The output should be every line below, retyped exactly, with no images.
***** Given information *****
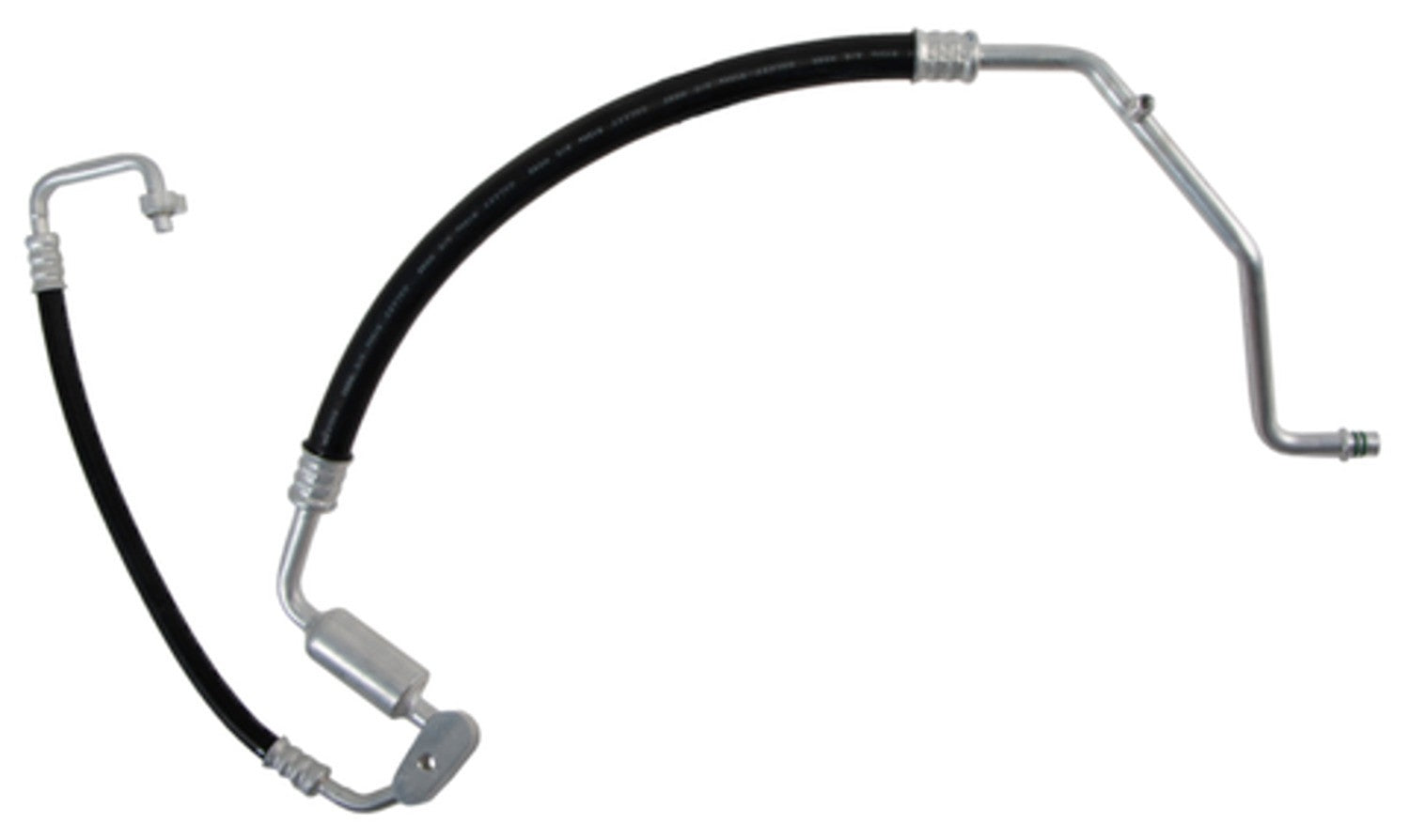Four Seasons Discharge & Suction Line Hose Assembly 66086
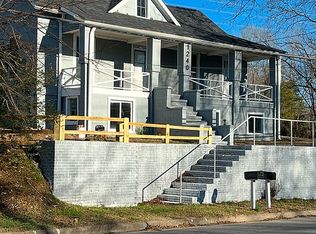 1240 Salisbury Ave, Albemarle, NC 28001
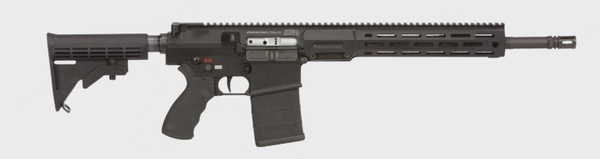 LMT MLKMWS DEFENDER .308 SEMI-AUTO RIFLE-815415016511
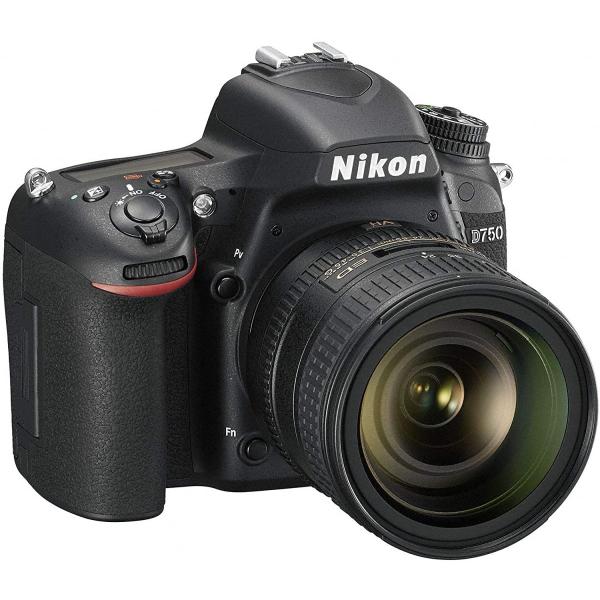 激安価格と即納で通信販売 Nikon デジタル一眼レフカメラ D750 24 85レンズキット Af S Nikkor V F 3 5 4 5g Ed 24 85mm
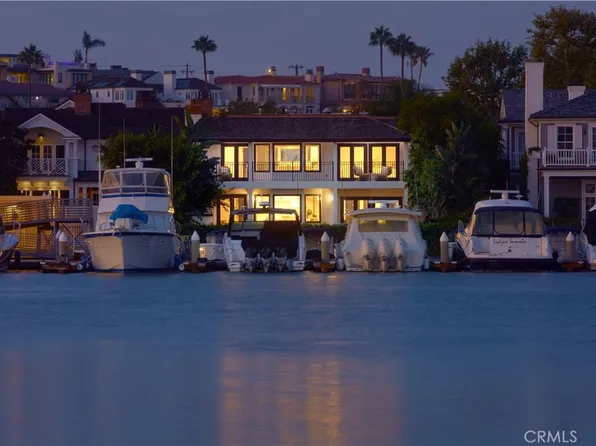 2572 Bayshore Dr, Newport Beach, CA 92663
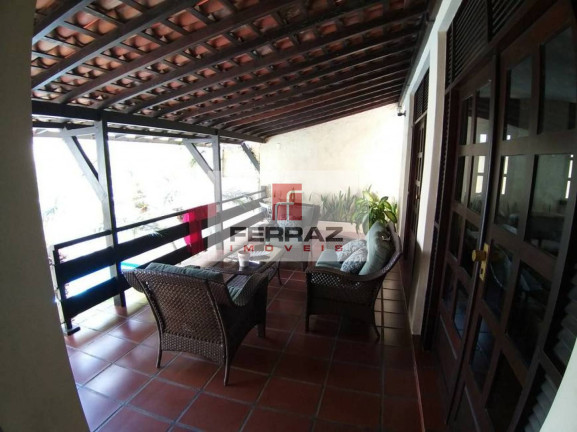Imagem Casa com 3 Quartos à Venda ou Locação, 320 m² em Candelária - Natal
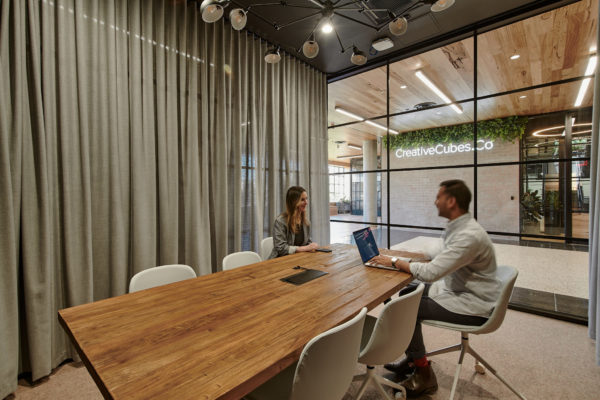 CreativeCubes.Co - Carlton VIC 3053 | Office Rental | Flexible Offices | For Lease | For Rent | Short Term Office | Coworking | Event Spaces | Venue Hire | Meeting Rooms | Lygon Street Carlton VIC00043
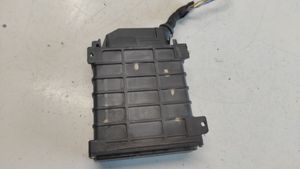 Audi 100 200 5000 C3 Calculateur moteur ECU 0280800128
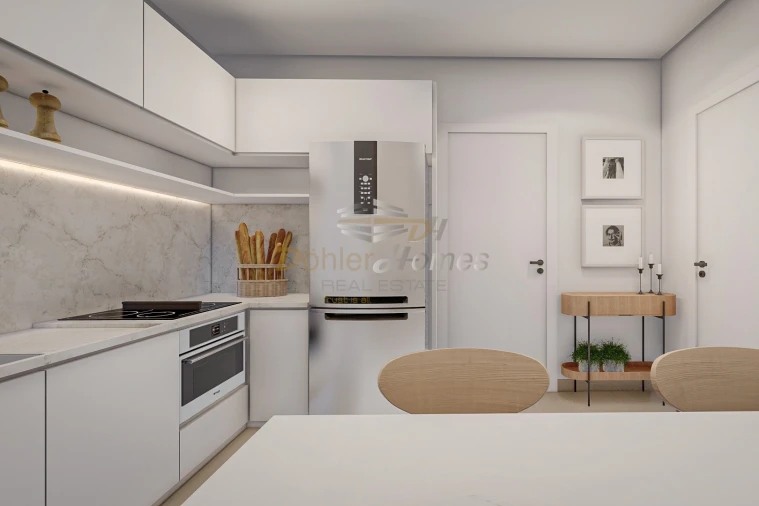 Apartamento T2 para Venda em Alcantara Foto 18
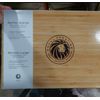 Royal prestige bamboo cutting board large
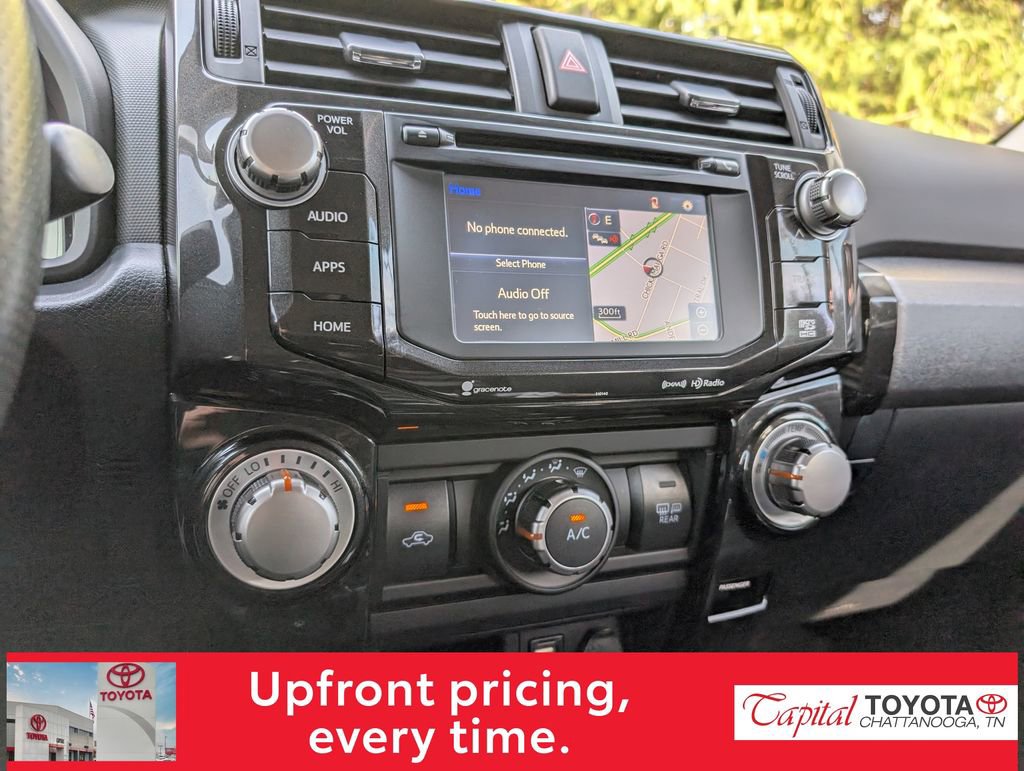 Used 2017 Toyota 4Runner TRD Pro image 19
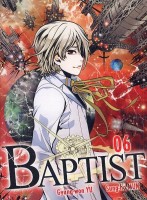 Baptist 6. Tome 6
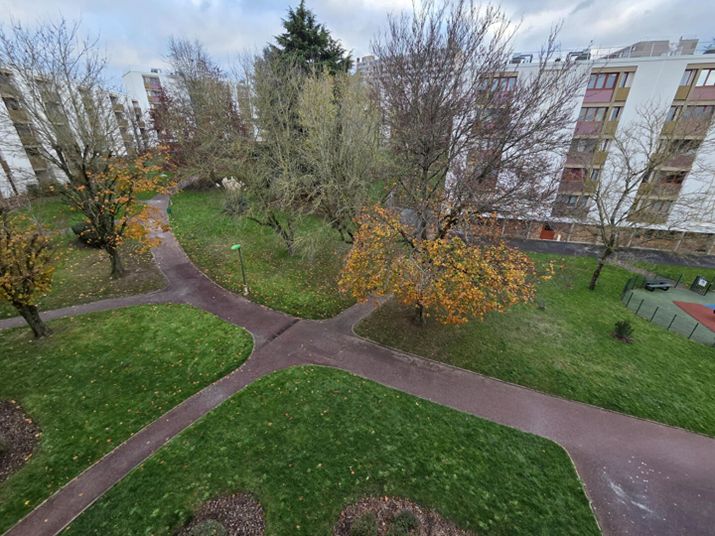 Appartement a louer longjumeau - 4 pièce(s) - 68 m2 - Surfyn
*****
◆ Solution to this problem ◆
Four Seasons Discharge & Suction Line Hose Assembly 66086
 1240 Salisbury Ave, Albemarle, NC 28001
 LMT MLKMWS DEFENDER .308 SEMI-AUTO RIFLE-815415016511
 激安価格と即納で通信販売 Nikon デジタル一眼レフカメラ D750 24 85レンズキット Af S Nikkor V F 3 5 4 5g Ed 24 85mm
 2572 Bayshore Dr, Newport Beach, CA 92663
Imagem Casa com 3 Quartos à Venda ou Locação, 320 m² em Candelária - Natal
 CreativeCubes.Co - Carlton VIC 3053 | Office Rental | Flexible Offices | For Lease | For Rent | Short Term Office | Coworking | Event Spaces | Venue Hire | Meeting Rooms | Lygon Street Carlton VIC00043
 Audi 100 200 5000 C3 Calculateur moteur ECU 0280800128
 Apartamento T2 para Venda em Alcantara Foto 18
 Royal prestige bamboo cutting board large
 Used 2017 Toyota 4Runner TRD Pro image 19
 Baptist 6. Tome 6
 Appartement a louer longjumeau - 4 pièce(s) - 68 m2 - Surfyn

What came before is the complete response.